### Task goal:
Each entry has to be copied exactly, with nothing missed.

### Records provided:
Segment Open

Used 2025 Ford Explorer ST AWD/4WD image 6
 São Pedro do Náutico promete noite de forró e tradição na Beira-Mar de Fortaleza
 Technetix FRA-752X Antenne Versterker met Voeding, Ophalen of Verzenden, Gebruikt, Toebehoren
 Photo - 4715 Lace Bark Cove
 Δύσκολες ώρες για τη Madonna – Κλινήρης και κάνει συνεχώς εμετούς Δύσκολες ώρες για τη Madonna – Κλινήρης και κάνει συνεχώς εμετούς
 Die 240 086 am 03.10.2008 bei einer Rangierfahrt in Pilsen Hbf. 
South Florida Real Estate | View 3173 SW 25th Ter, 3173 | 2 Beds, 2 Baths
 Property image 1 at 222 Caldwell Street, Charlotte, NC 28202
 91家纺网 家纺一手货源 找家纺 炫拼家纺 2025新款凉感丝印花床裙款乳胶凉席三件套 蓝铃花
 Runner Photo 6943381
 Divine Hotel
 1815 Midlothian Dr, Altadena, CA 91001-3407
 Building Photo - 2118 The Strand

Segment Closed

### Written solution:
Used 2025 Ford Explorer ST AWD/4WD image 6
 São Pedro do Náutico promete noite de forró e tradição na Beira-Mar de Fortaleza
 Technetix FRA-752X Antenne Versterker met Voeding, Ophalen of Verzenden, Gebruikt, Toebehoren
 Photo - 4715 Lace Bark Cove
 Δύσκολες ώρες για τη Madonna – Κλινήρης και κάνει συνεχώς εμετούς Δύσκολες ώρες για τη Madonna – Κλινήρης και κάνει συνεχώς εμετούς
 Die 240 086 am 03.10.2008 bei einer Rangierfahrt in Pilsen Hbf. 
South Florida Real Estate | View 3173 SW 25th Ter, 3173 | 2 Beds, 2 Baths
 Property image 1 at 222 Caldwell Street, Charlotte, NC 28202
 91家纺网 家纺一手货源 找家纺 炫拼家纺 2025新款凉感丝印花床裙款乳胶凉席三件套 蓝铃花
 Runner Photo 6943381
 Divine Hotel
 1815 Midlothian Dr, Altadena, CA 91001-3407
 Building Photo - 2118 The Strand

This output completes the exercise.